И все-таки мы собрались вместе еще один раз, не зная, что он последний. Это случилось в конце 69 года, когда Герцены, наконец, обосновались в Париже. Искандер очень тосковал по Ольге и стал умолять ее приехать к нему хоть на пару недель. Ответ Ольги поразил не только его, но и меня. Она написала, что готова была бы подчиниться, но не может, потому что я для нее мать и подвергнуть меня беспокойству разлуки она не желает. И добавила довольно жестоко: “если я отвыкла от родительского дома — вина не моя”.

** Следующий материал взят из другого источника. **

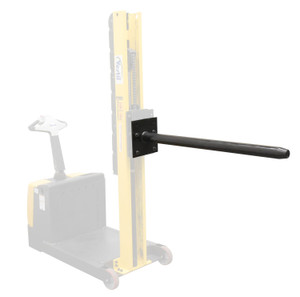 Vestil Steel Counter Balanced Power Lift Paper/Carpet Roll Lifter - 3 In. Diameter Attachment 200 lb - Black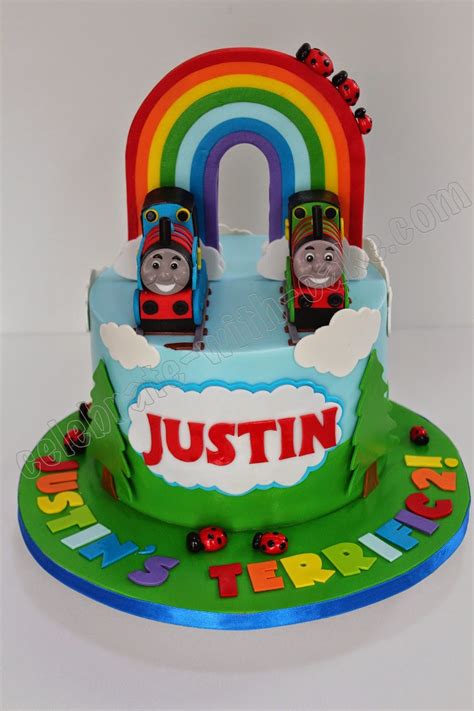 Thomas the tank Engine featuring Thomas and Percy Cake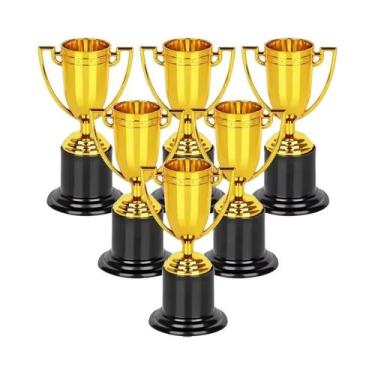 Imagem de Troféus Dourados Miniatura: Pacote Com 4-7 Polegadas De Altura, Estatu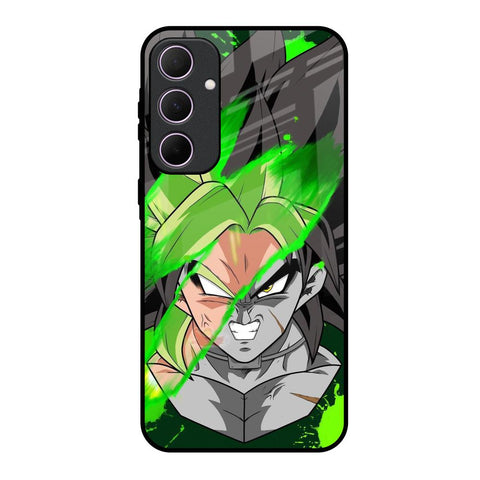 Anime Green Splash Glossy Case for Samsung Galaxy A35 5G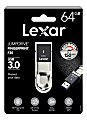 Lexar® JumpDrive® Fingerprint F35 USB 3.0 Flash Drive, 64GB, Black, LJDF35-64GBNL 1 thumbnail image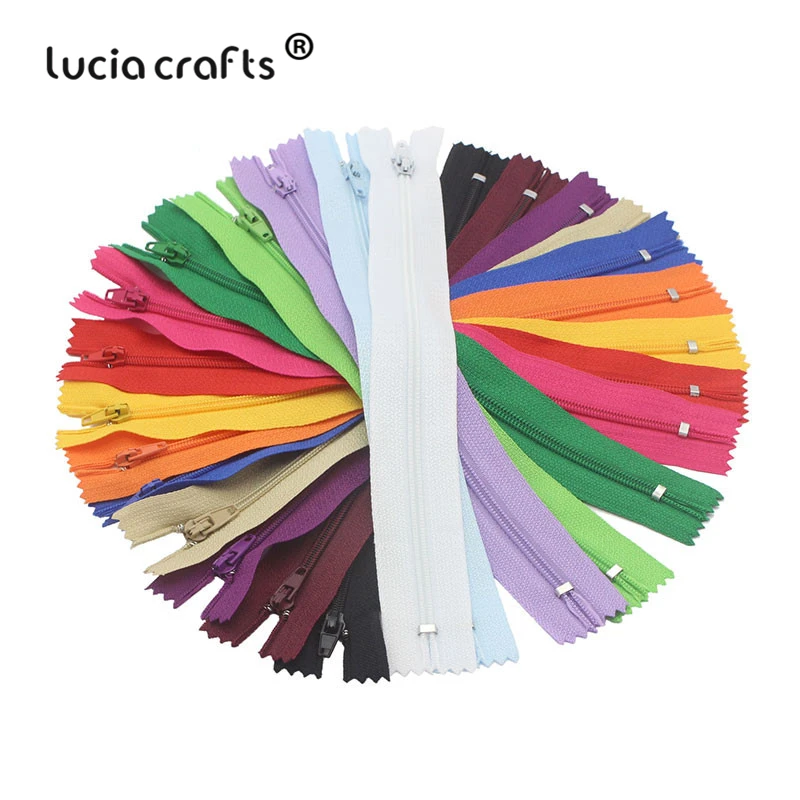 

6PCS/15PCS 20cm Length Colorful Nylon Coil Zippers Tailor Garment Sewing Handcraft DIY Materials Accessories J0308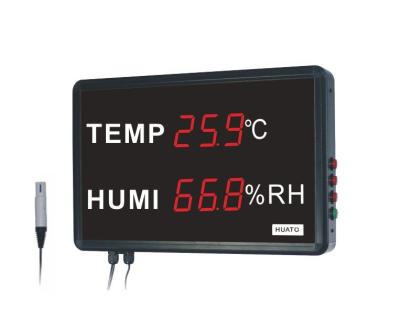 China Visual Distancedigital Thermo Hygrometer With Probered LED Display 20 Meters for sale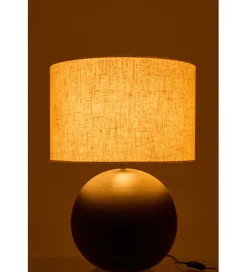 Lampa stołowa BALLE 62 cm czarna ceramika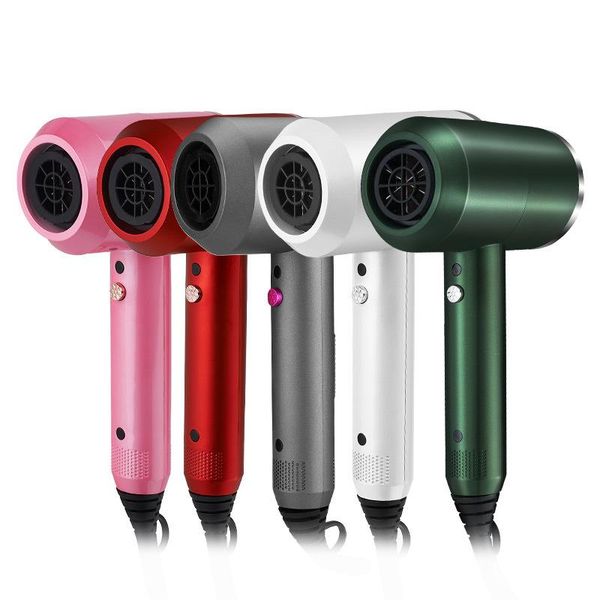 

2000w strong wind ac blow hair dryer dark green salon barber dry professional avocado dryers wholesale electric brushes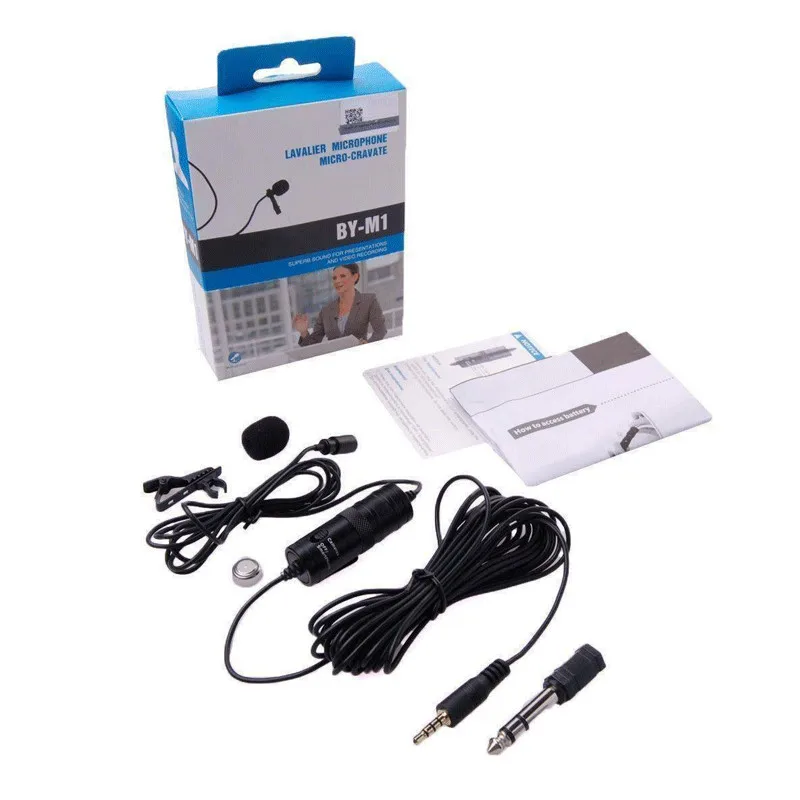 BOYA BY M1 3 5 мм Lavalier микрофон конденсаторный для смартфона DSLR камера видеокамеры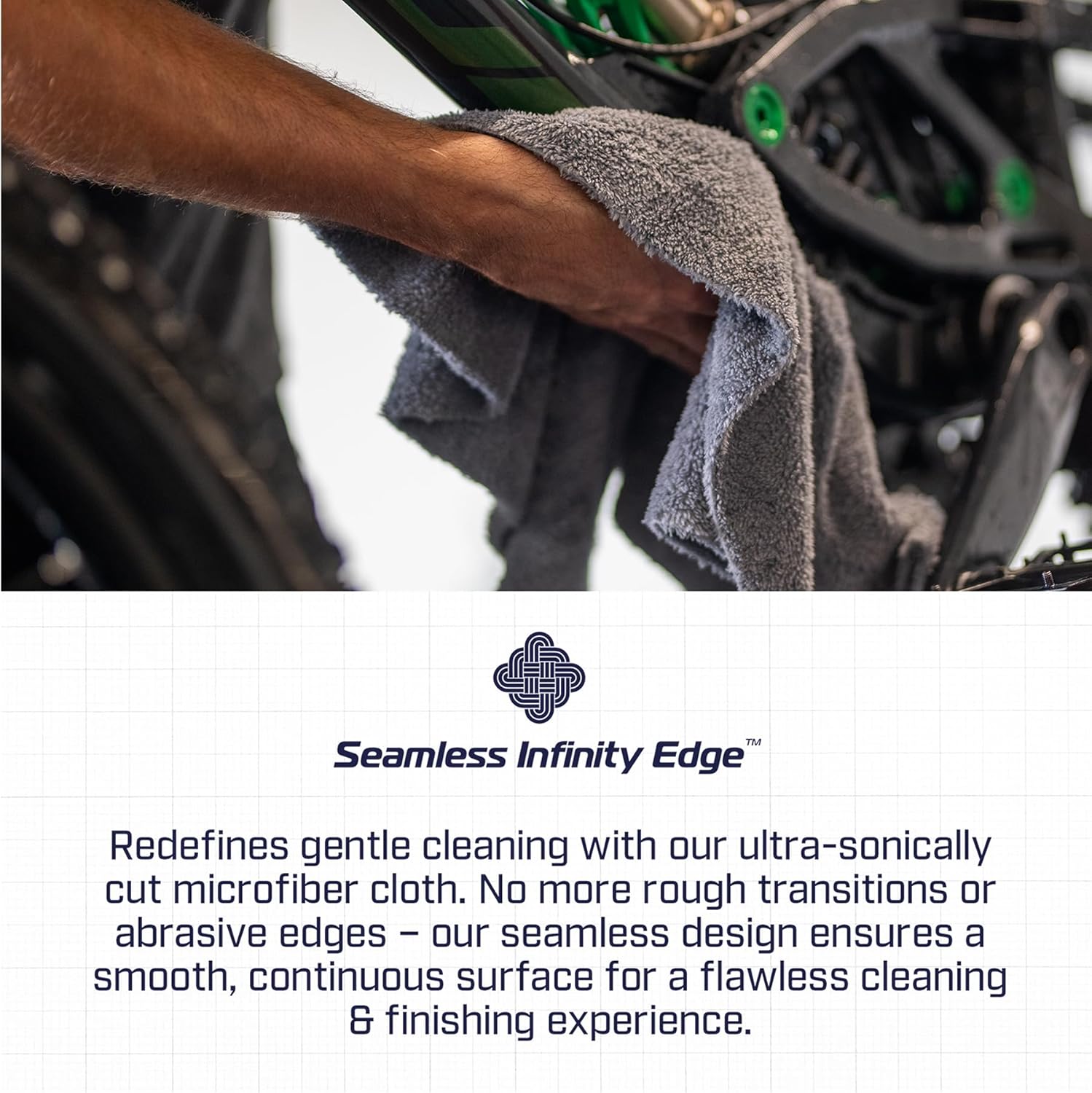 Refresh & Protect Kit - Ride + Shine Bike Finish & Ultra-Premium Microfiber Cloth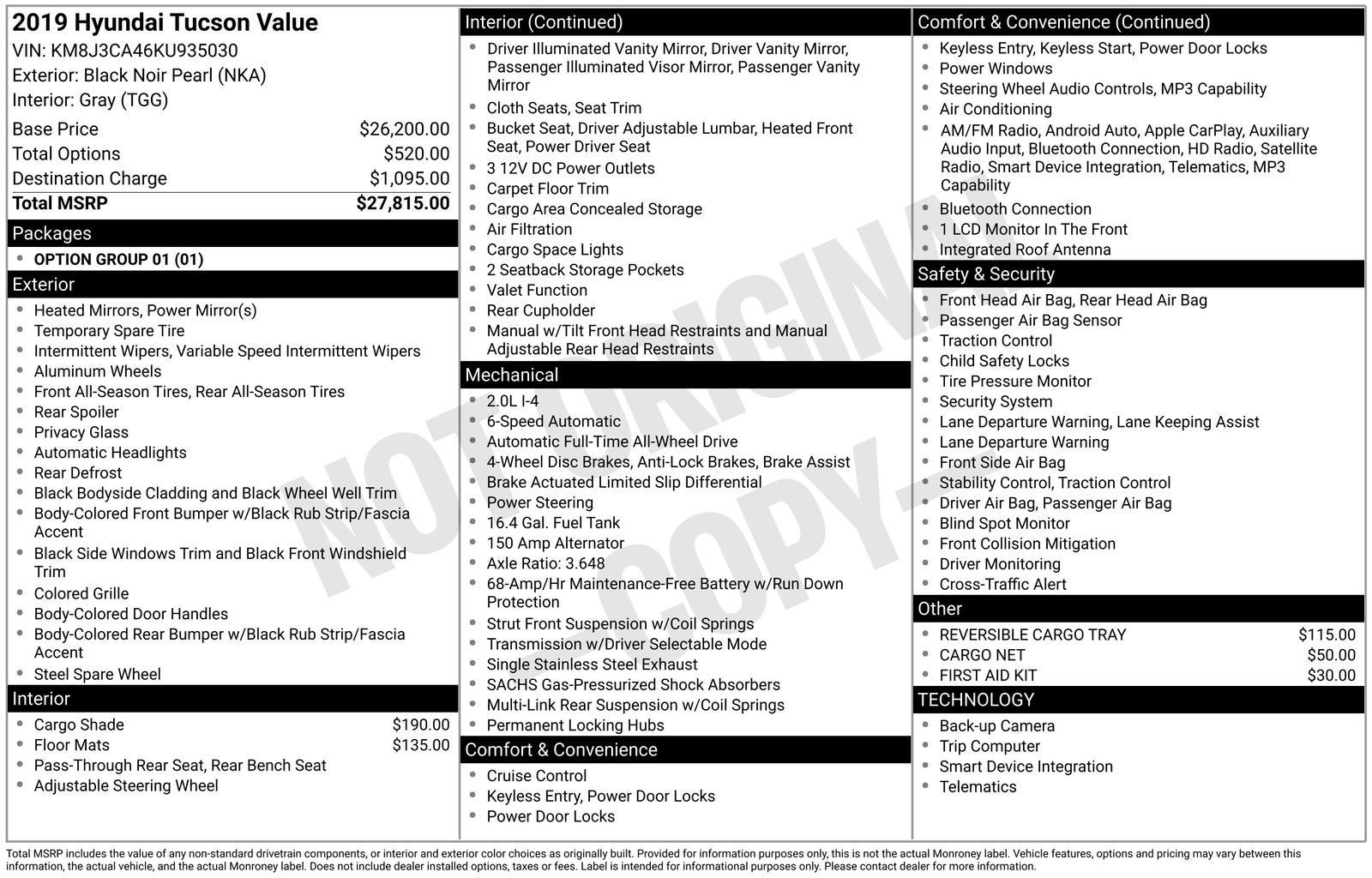 2019 Hyundai Tucson Value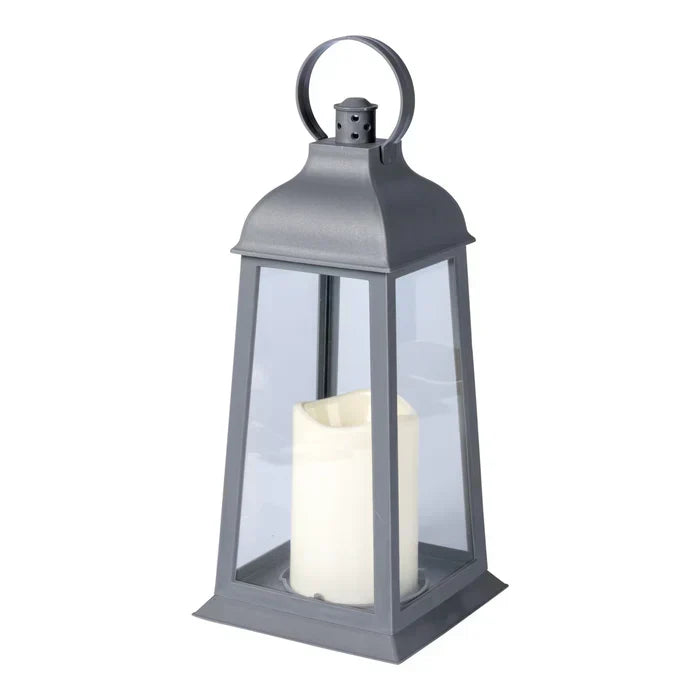 LED Lantern Set of 2 Decorative Outdoor Candle-Style Lighting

Искандер поведал мне об этой переписке почти со слезами: “Чем справедливее эта пилюля, тем труднее её проглотить”. А Ольге написал в тайной надежде хоть как-то пробудить в ней дочернее чувство: “Предположим, вина за это полностью лежит на мне, но итог от этого для тебя будет не менее горьким”.
Ольга, конечно, показала это письмо мне — она всегда всем со мной делилась, — и мне стало жаль моего дорогого несчастного Искандера. Как он ошибался, надеясь, что отчуждение от отца покажется ей горьким!
Она всю горечь уже перенесла в раннем детстве, проведя два ужасных года под одной крышей с Натали. И никогда не сможет простить отцу страдания тех лет.
Я решилась на отчаянный поступок — я согласилась сопровождать Ольгу в Париж, несмотря на всю невыносимость для меня оказаться под одной крышей с Натали. Как я и ожидала, ничего хорошего из этого не вышло. Искандер пришел в полное уныние, обнаружив насколько дочь отчуждена от него. Я, конечно, понимаю, какую роковую роль я сыграла во взаимоотношениях отца и дочери, но не раскаиваюсь, потому что его бродячая жизнь не сделала бы из Ольги то, чем она стала.
Но ему это было больно, он в отчаянии написал Огареву: “Она чужая, она никого не любит, кроме Мальвиды. Теперь я уже жалею, что выписал ее в Париж. Я кончу тем, что предложу им или ехать назад или нанять особо здесь квартиру”.
Он, как всегда, скрыл главную причину столь сильного несогласия в его доме — разрушительную роль Натали. Он упорно не хотел выносить сор из избы, даже в письмах к Огареву, прямому участнику и жертве этой драмы.
Мы с Ольгой застыли в нерешительности — уезжать или нет? И тут случилось ужасное, непредвиденное и невозможное: у Искандера внезапно открылась лихорадка и кашель, он весь пылал и через несколько дней скончался.
Я осталась в мире, в котором больше не было Искандера. Это не вмещалось в мое сознание — восемнадцать лет я жила в его тени. Я верно служила ему, я переписывалась с ним, я часто была с ним не согласна и спорила, он часто был ко мне несправедлив, но он был, был, был! А теперь его не стало и больше никогда не будет! Как же мне теперь жить?
МАРТИНА
Бедная Мальвида — она внезапно оказалась в пустом мире, в мире без Искандера, которого так любила.
А в это время в далеком Санкт-Петербурге, который занимал такое ценное место в сердце Искандера, маленькая девочка Лёля фон Саломе похоронила свою любимую кошку и объявила, что Бога нет.
ДНЕВНИК МАЛЬВИДЫ
Оказалось, что Искандер был несметно богат. Я, конечно, знала, что он человек не бедный, но размеров его богатства даже не могла себе представить. Часть наследства Ольги, полученная ею по завещанию отца, представляет огромную сумму. А ведь столько же, если не больше, получил каждый из его детей и наверняка еще больше досталось Натали.